Joseph B Myers et al. Am J Sports Med. 2007 Nov.

Abstract

Background: Posterior shoulder tightness with subsequent loss of humeral internal rotation range of motion has been linked to upper extremity lesions in overhead athletes. A valid clinical assessment is necessary to accurately identify posterior shoulder tightness as a contributor to injury.

Purpose: To describe a modified supine assessment of posterior shoulder tightness by establishing the reliability, precision, clinical accuracy, and validity of the assessment.

Study design: Cohort study (diagnosis); Level of evidence, 2.

Methods: Intrasession, intersession, and intertester reliability and precision were established by comparing the commonly used side-lying assessment of posterior shoulder tightness and the described modified supine assessment. Clinical accuracy of both methods was obtained using an electromagnetic tracking device to track humeral and scapular motion. Construct validity was established by identifying posterior shoulder tightness in a group of overhead athletes (baseball pitchers and tennis players) reported in the literature to have limited humeral internal rotation and posterior shoulder tightness.

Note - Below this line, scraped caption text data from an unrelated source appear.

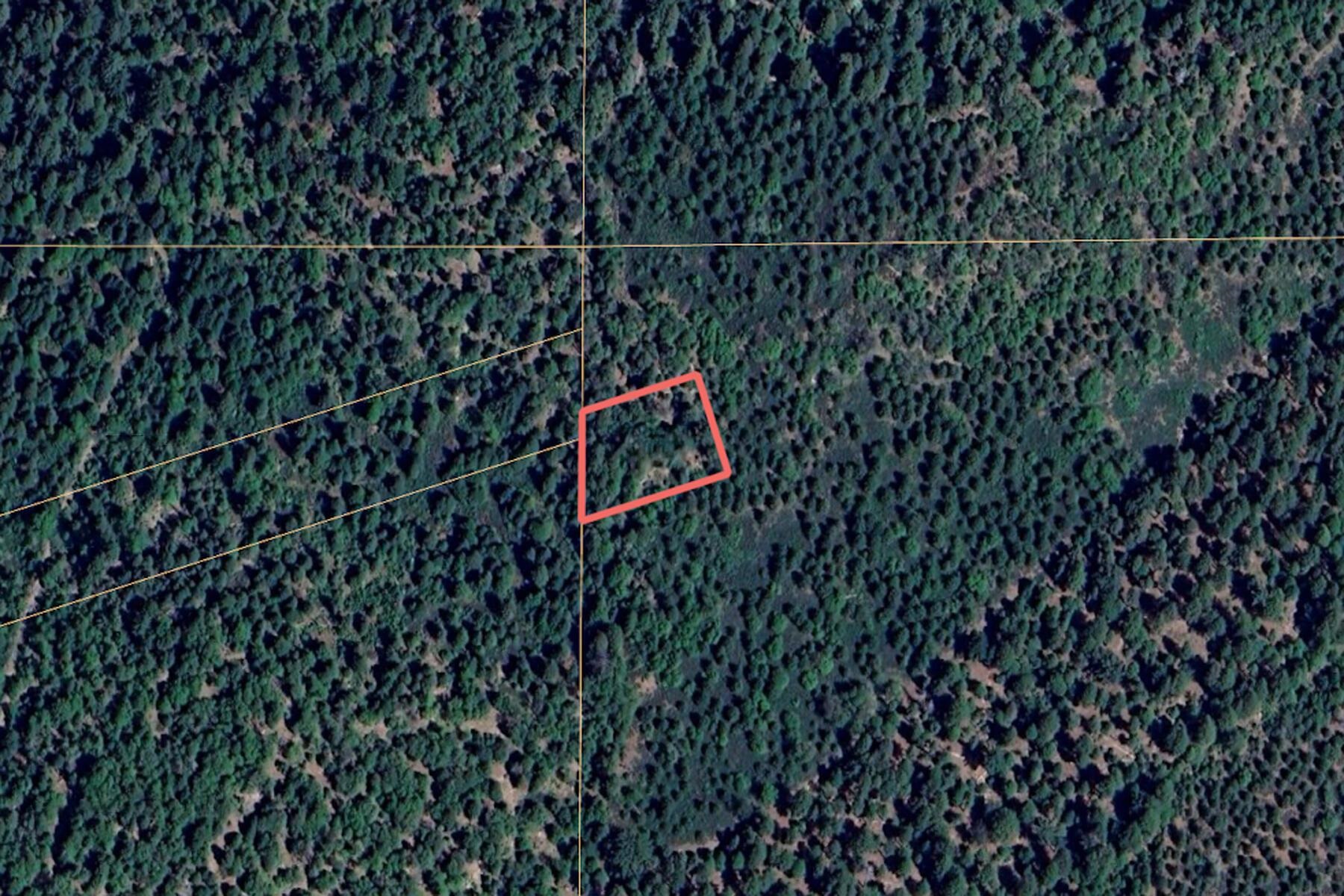 No Address No Address Texas Hill Road Emigrant Gap, CA 95715 - Photo 4 of 25 a close up of a plant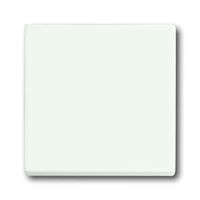 Busch-Jaeger bedieningswip 1786-884 studiowit mat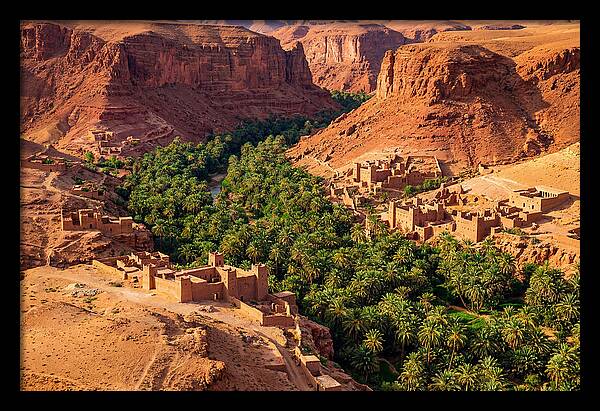 Draa Valley Oasis From Above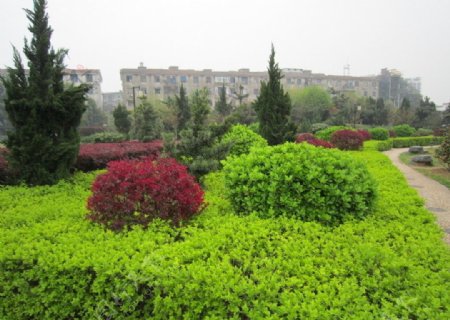 绿化带风景图片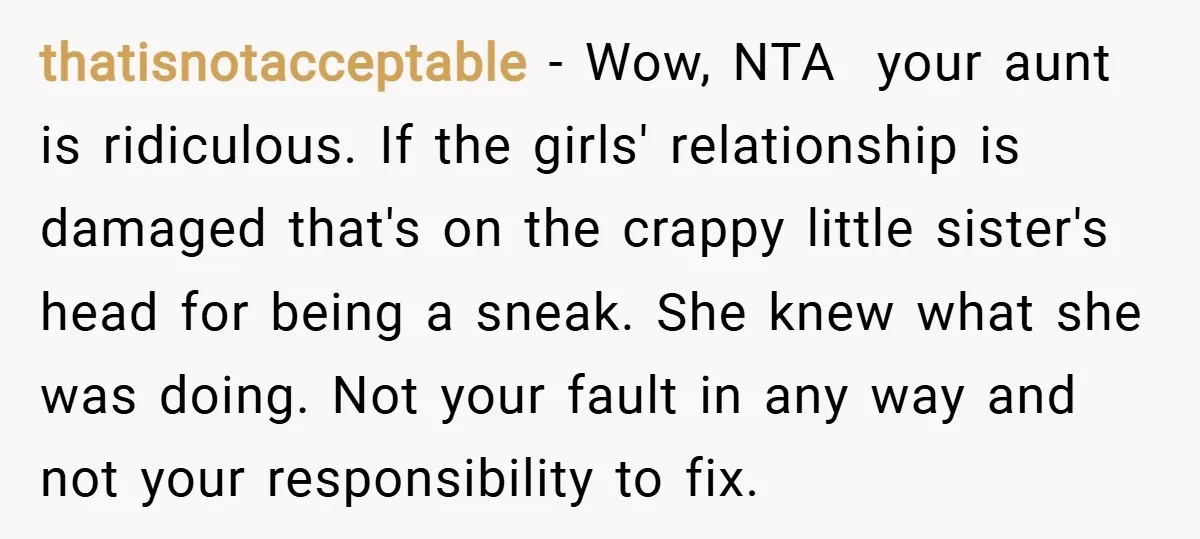 thatisnotacceptable − Wow, NTA your aunt is ridiculous. If the girls' relationship is damaged that's on the crappy little sister's head for being a sneak. She knew what she was...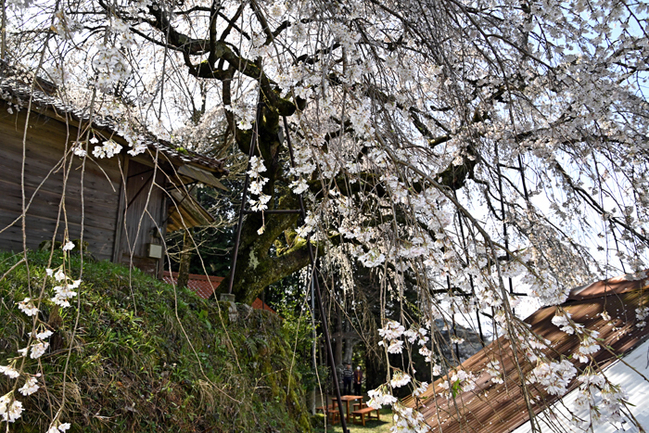 R岩栃しだれ桜（益田市岩倉町／中山竜一撮影）20244.5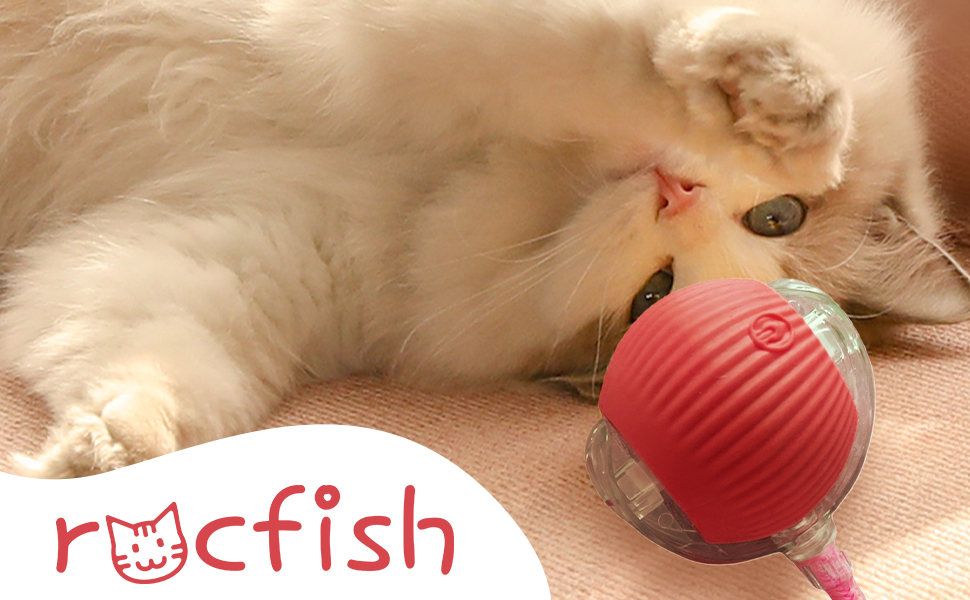Cat Toy Ball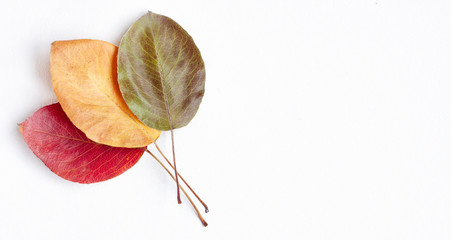 Flat lay top view vibrant red, yellow and green dry autumn leaves which lie on top of each other on...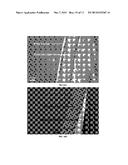 Surface-active Glasses as Regenerative Anti-fouling Materials diagram and image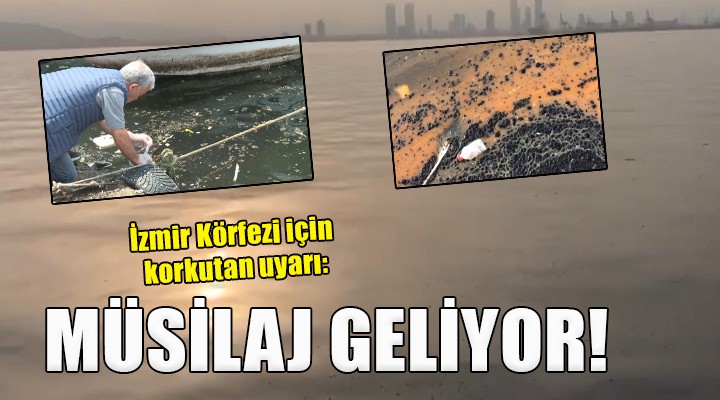 İzmir Körfezi için müsilaj uyarısı..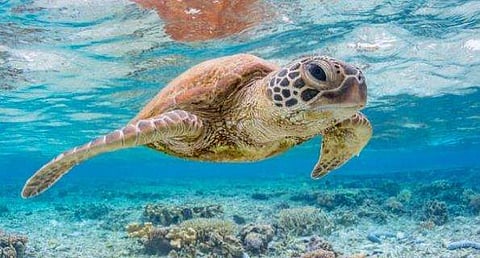 ഒരു കഷ്ണം പ്ലാസ്റ്റിക് മതി കടലാമകളെ കൊന്നൊടുക്കാന്‍! കാത്തിരിക്കുന്നത് വലിയ വിപത്തെന്ന് പഠന റിപ്പോര്‍ട്ട്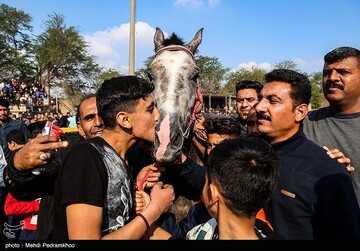 بیست و ششمین جشنواره اسب اصیل عرب - اهواز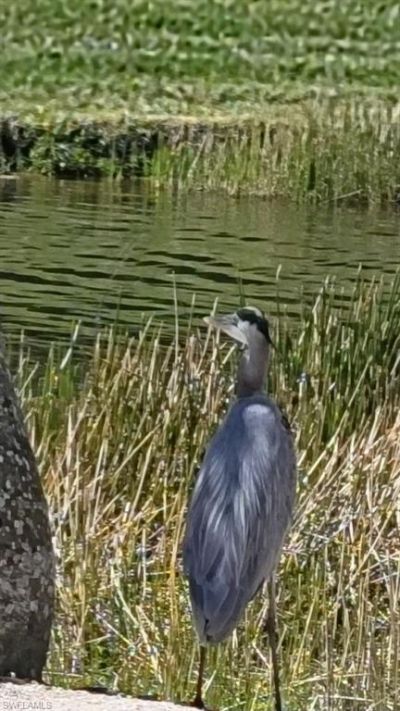 9534 Hemingway Ln, Fort Myers, FL 33913 Photo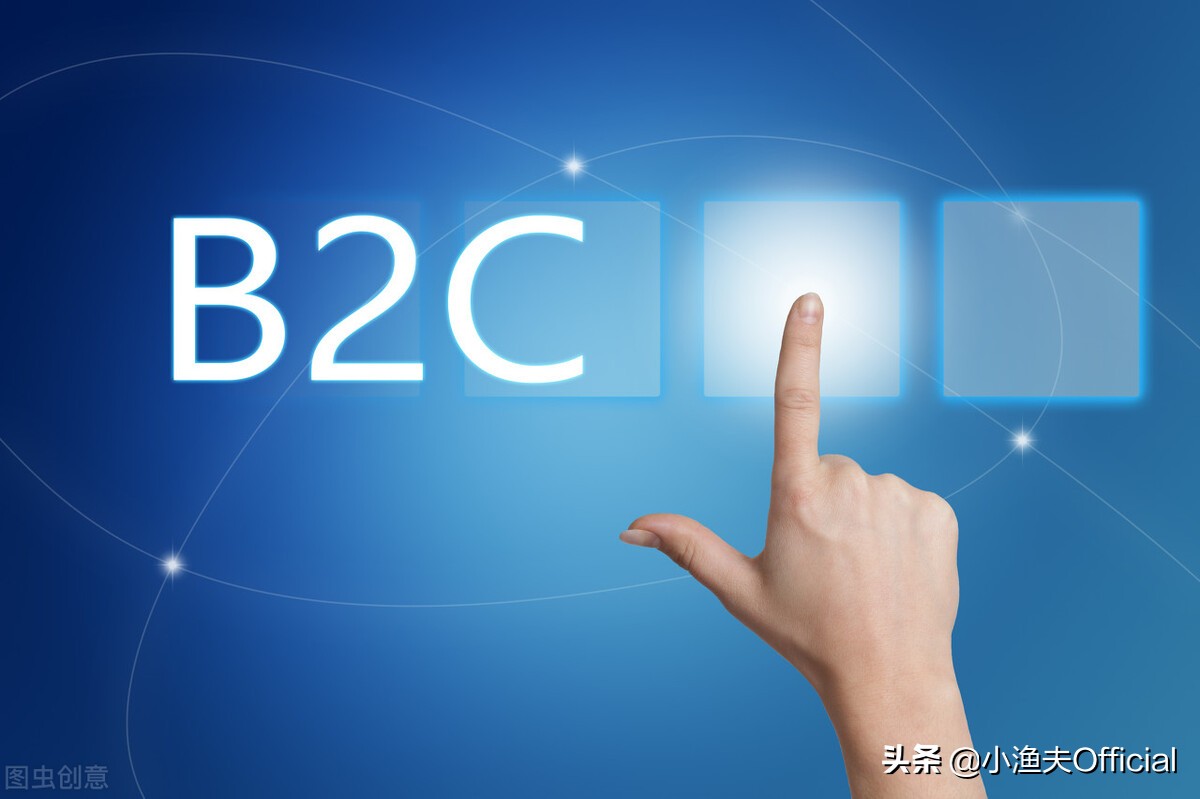 b2c运作模式和流程（电商b2c模式是什么意思）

Results: The side-lying intrasession intraclass correlation coeffecient (standard error of measurement), intersession intraclass correlation coeffecient (standard error of measurement), and intertester intraclass correlation coeffecient (standard error of measurement) were 0.83 cm (0.9), 0.42 cm (1.7), and 0.69 cm (1.4), respectively. The supine intrasession intraclass correlation coeffecient (standard error of measurement), intersession intraclass correlation coeffecient (standard error of measurement), and intertester intraclass correlation coeffecient (standard error of measurement) were 0.91 degrees (1.1 degrees ), 0.75 degrees (1.8 degrees ), and 0.94 degrees (1.8 degrees ), respectively. In side-lying, the clinical accuracy expected was 0.9 +/- 0.6 cm of error while, when measured supine, it was 3.5 degrees +/- 2.8 degrees of error. Both assessments resulted in minimal scapular protraction (approximately 3.5 degrees ). Between groups, baseball pitchers and tennis players had significantly less internal rotation range of motion (P < .0001) and greater posterior shoulder tightness (P = .004) when measured in supine, but not in side-lying (P = .312).

Conclusion: Both methods resulted in good clinician accuracy and precision, suggesting that both can be performed accurately. The supine method can be assessed more reliably than side-lying between both sessions and testers.

Clinical relevance: Clinicians may want to consider use of the supine method given the higher reliability, validity, and similar precision and clinical accuracy.